Pictures with short captions:
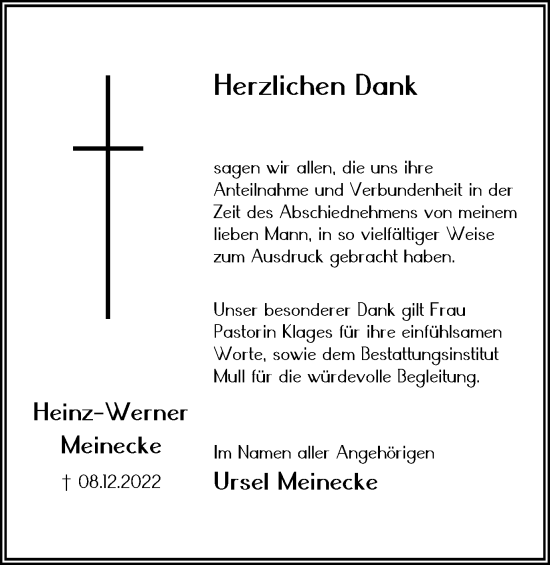 Traueranzeige von Heinz-Werner Meinecke von Wolfenbütteler Zeitung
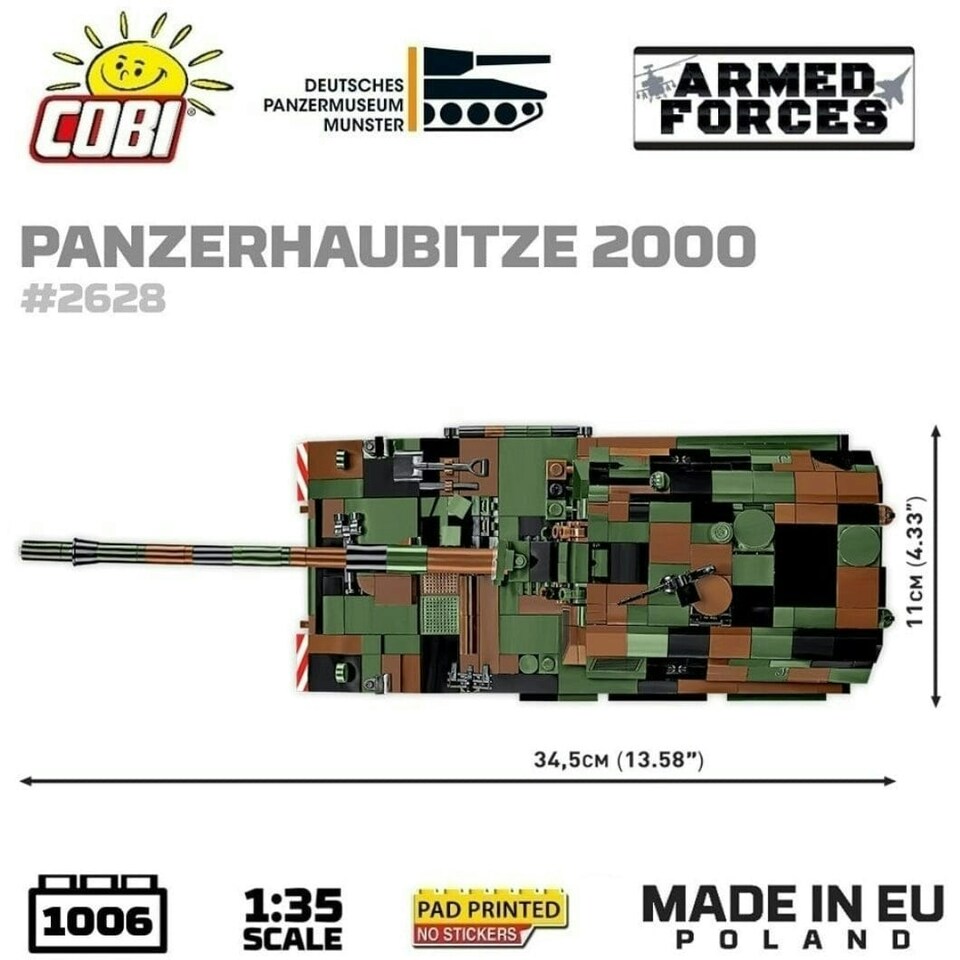 image 1 of Panzerhaubitze 2000 brick tank model - COBI 2628 - 1006 bricks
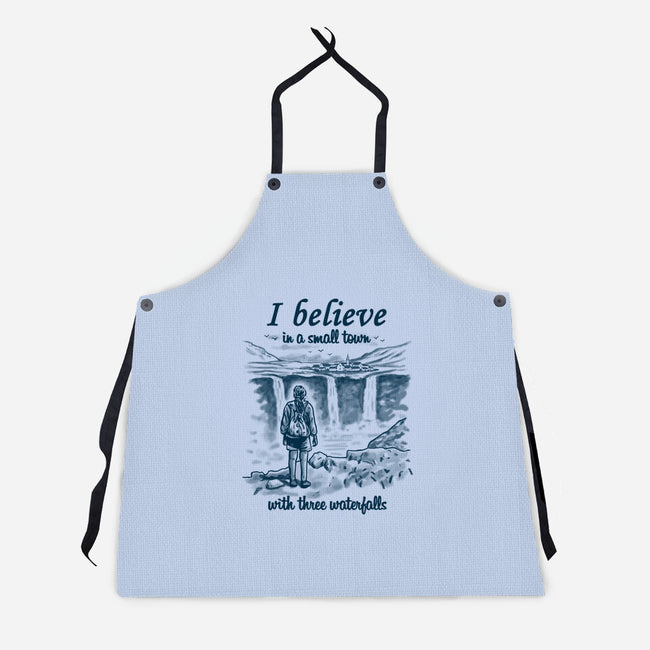 Small Town With Three Waterfalls-Unisex-Kitchen-Apron-NMdesign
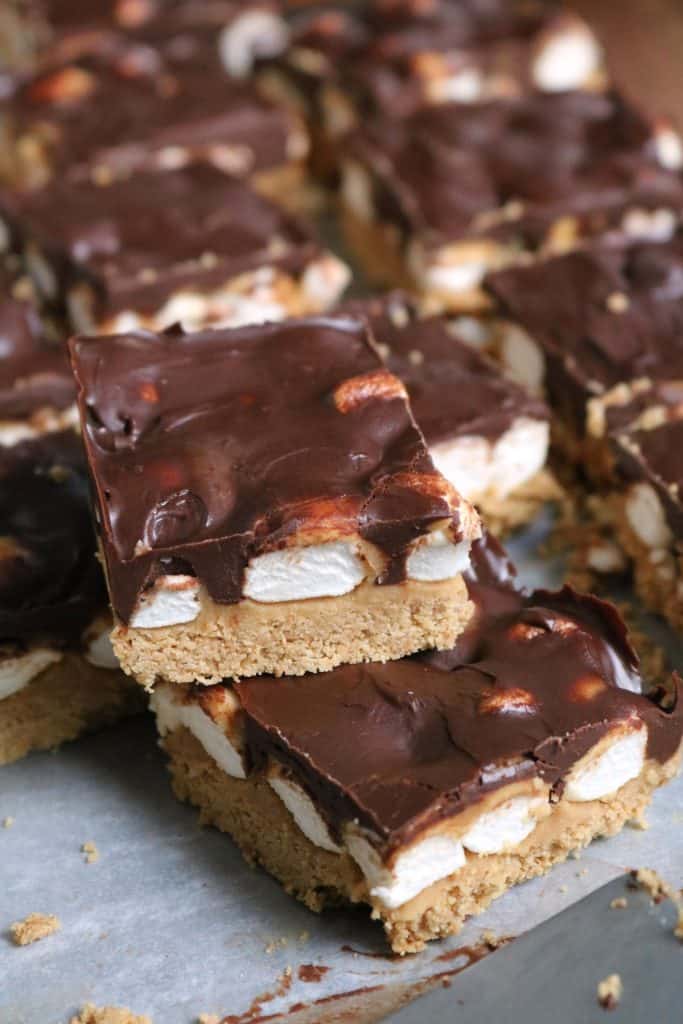 No Bake Peanut Butter S'mores Bars.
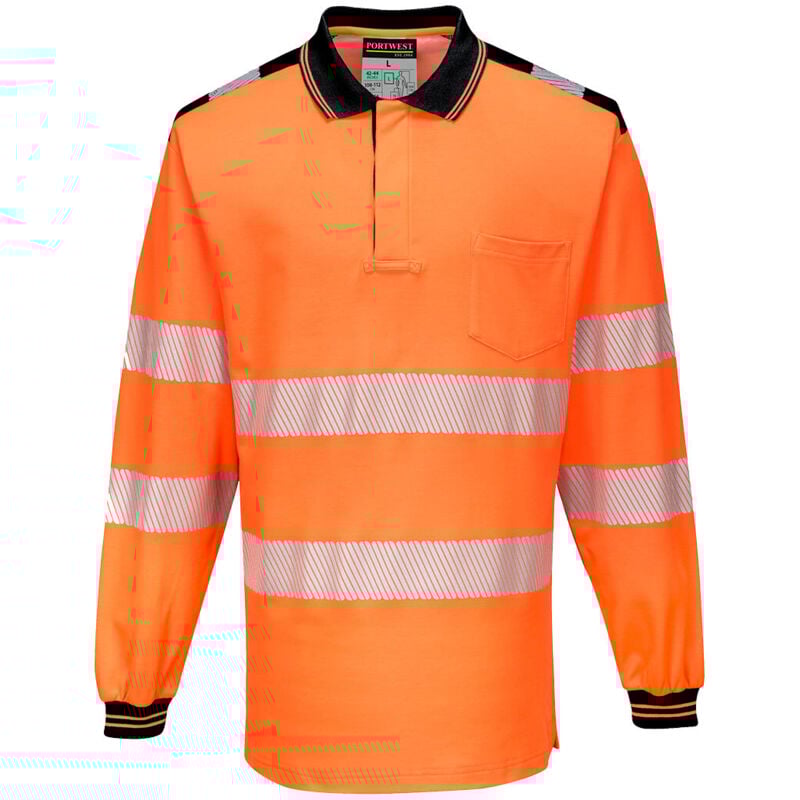 PW3 Polo Haute Visibilité ml couleur : Orange/Noir taille m Portwest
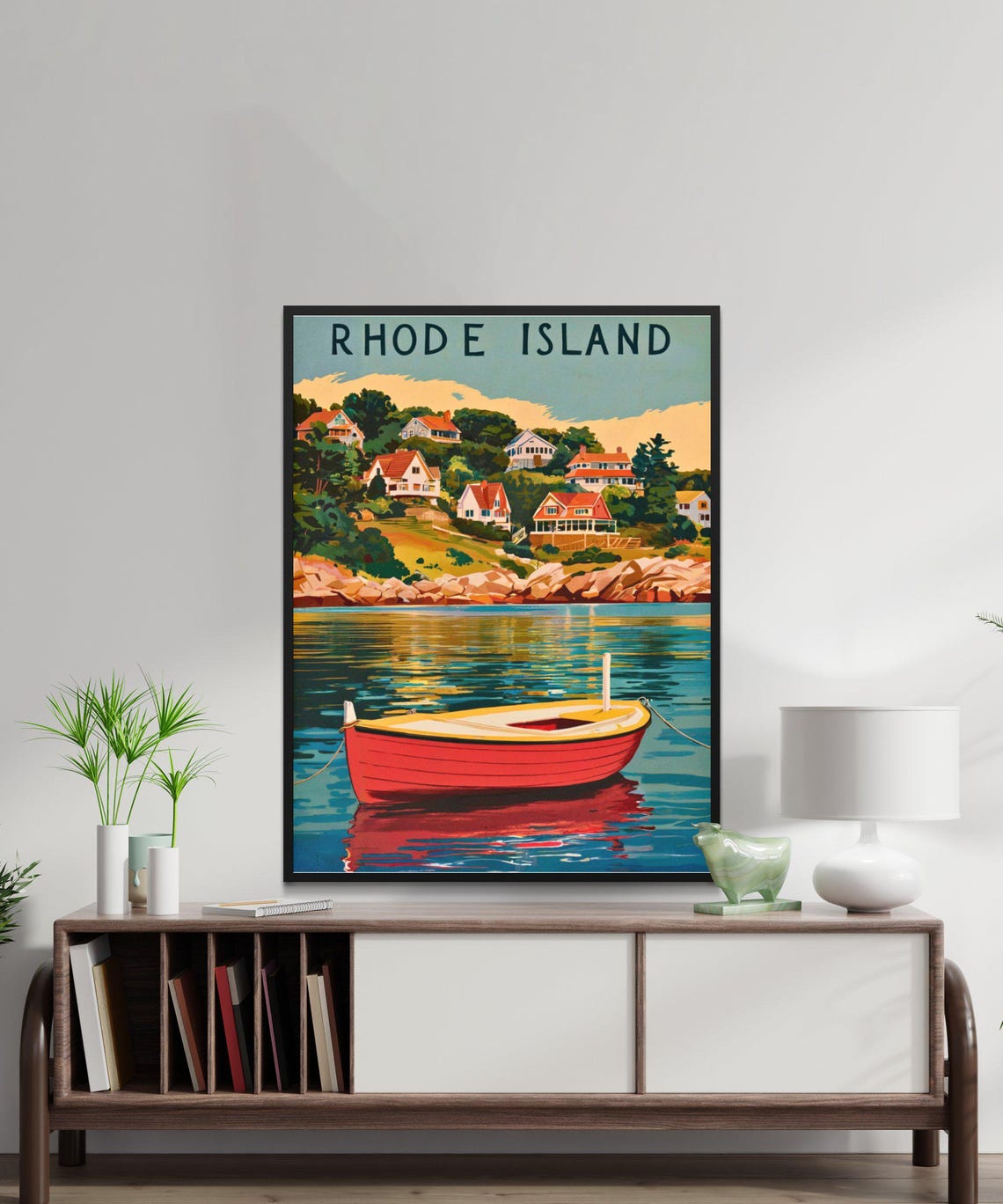Rhode Island Harbor Red Rowboat Shoreline Cottages Vintage Poster - Image 4
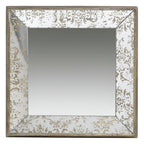 Brown Square Framed Antiqued Damask Accent Mirror - 15-inch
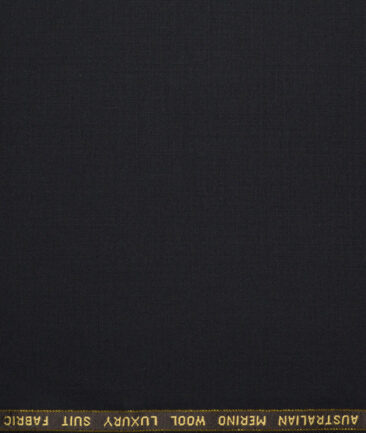 Vercelli Italy Super 160's Solids 50% Merino Wool Suiting Fabric (Jet Black)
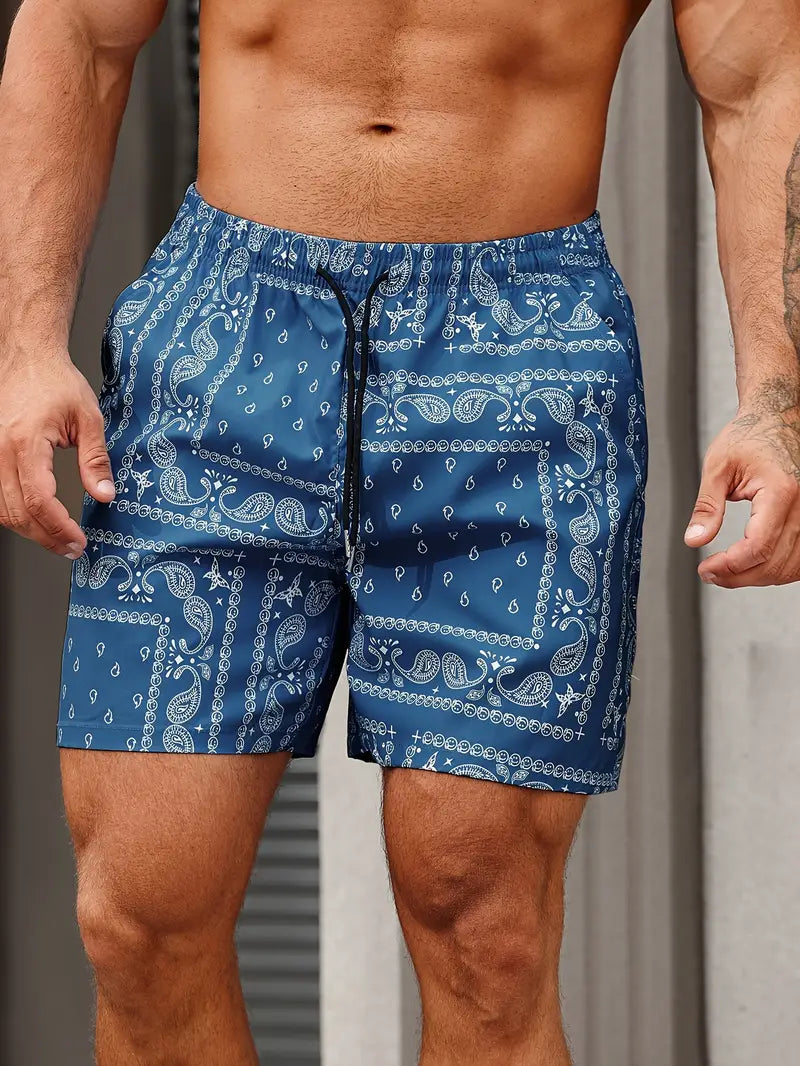 Cazaro | Bandana Shorts for Men - Printed Elastic Waist Drawstring Regular Summer Fit-Men's Shorts-Navy-S-Camoufit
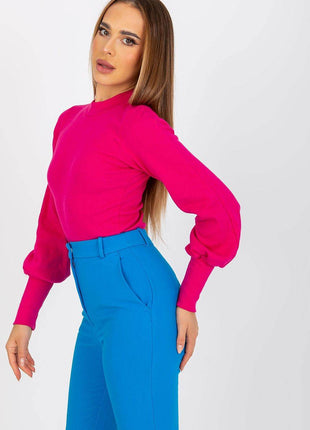Ribbed Long Sleeve Blouse with Wide Cuffs - MimiStylez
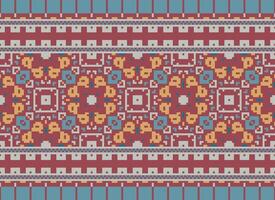 Pixel ethnisch Muster Vektor Hintergrund. nahtlos Muster traditionell, Design zum Hintergrund, Hintergrund, Batik, Stoff, Teppich, Kleidung, Verpackung, und textil.ethnisch Muster Vektor Illustration.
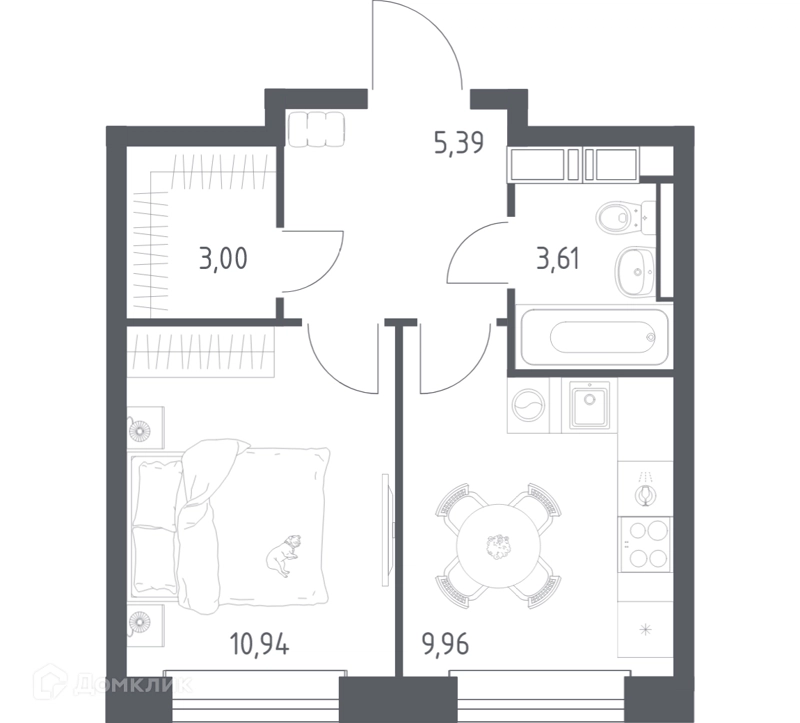 1-комнатная квартира 32.9 м² Эко Бунино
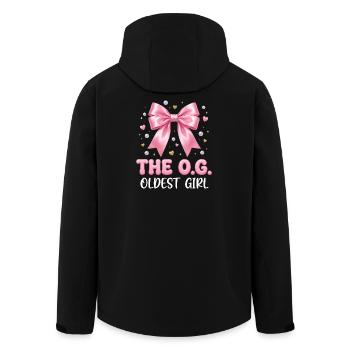 The Oldest Girl Pink Bow Family Design - Recycelte Männer Softshell-Jacke von Stanley/Stella - Schwarz - Hinten - AI Model Male 185 light (185cm)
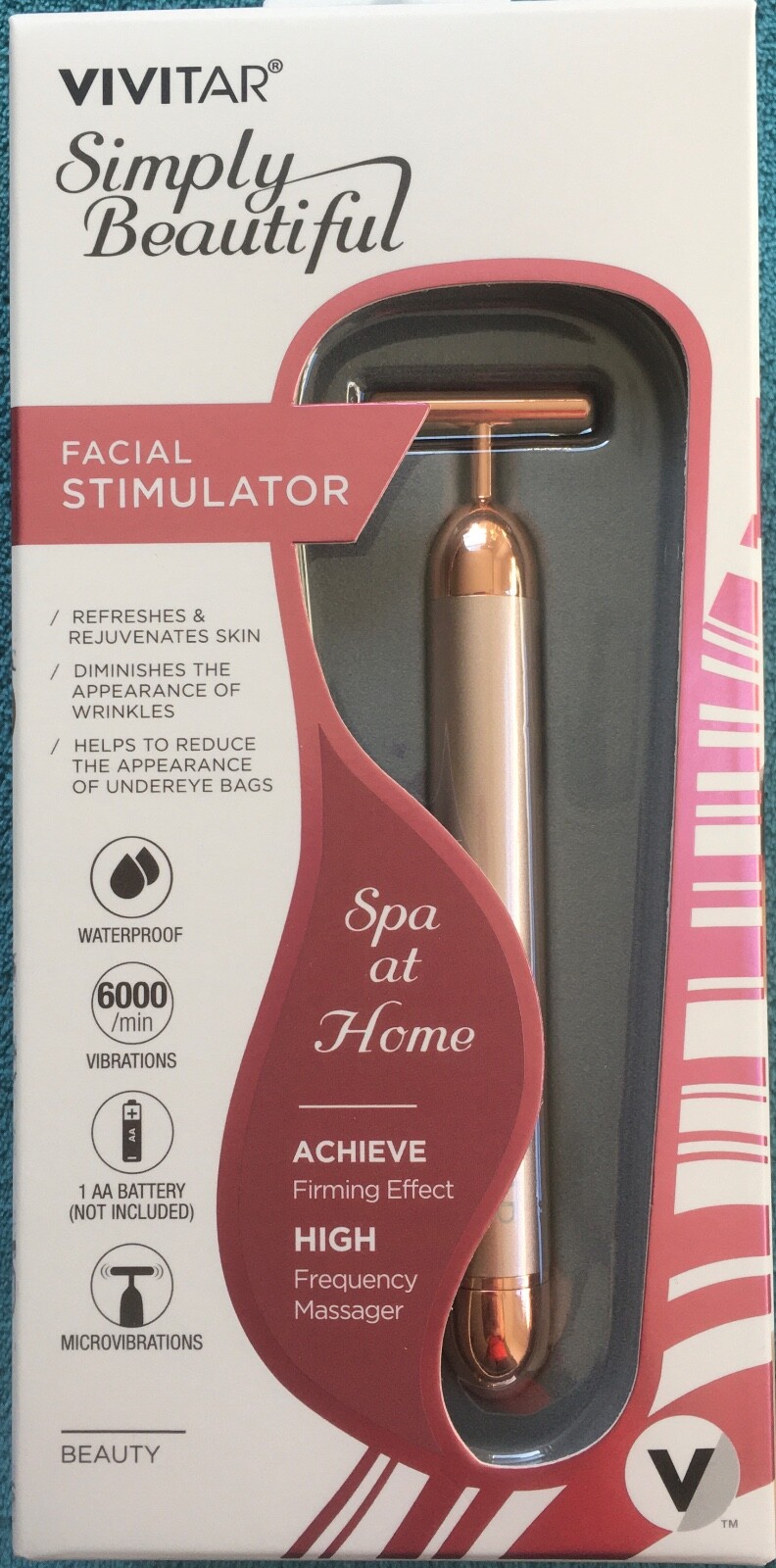 Vivitar Simply Beautiful Facial Stimulator Rose Gold Tone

#### [Task brief]
Leave out the pictures, then return every line of the data exactly.

#### [Exercise result]
 Traueranzeige von Heinz-Werner Meinecke von Wolfenbütteler Zeitung
 image 1 of Panzerhaubitze 2000 brick tank model - COBI 2628 - 1006 bricks
 Small Town With Three Waterfalls-Unisex-Kitchen-Apron-NMdesign
 No Bake Peanut Butter S'mores Bars.
 PW3 Polo Haute Visibilité ml couleur : Orange/Noir taille m Portwest
Rhode Island Harbor Red Rowboat Shoreline Cottages Vintage Poster - Image 4
 Brown Square Framed Antiqued Damask Accent Mirror - 15-inch
 Vercelli Italy Super 160's Solids 50% Merino Wool Suiting Fabric (Jet Black)
 Cazaro | Bandana Shorts for Men - Printed Elastic Waist Drawstring Regular Summer Fit-Men's Shorts-Navy-S-Camoufit
Ribbed Long Sleeve Blouse with Wide Cuffs - MimiStylez
 Pixel ethnisch Muster Vektor Hintergrund. nahtlos Muster traditionell, Design zum Hintergrund, Hintergrund, Batik, Stoff, Teppich, Kleidung, Verpackung, und textil.ethnisch Muster Vektor Illustration.
 1-комнатная квартира 32.9 м² Эко Бунино
 The Oldest Girl Pink Bow Family Design - Recycelte Männer Softshell-Jacke von Stanley/Stella - Schwarz - Hinten - AI Model Male 185 light (185cm)
 Vivitar Simply Beautiful Facial Stimulator Rose Gold Tone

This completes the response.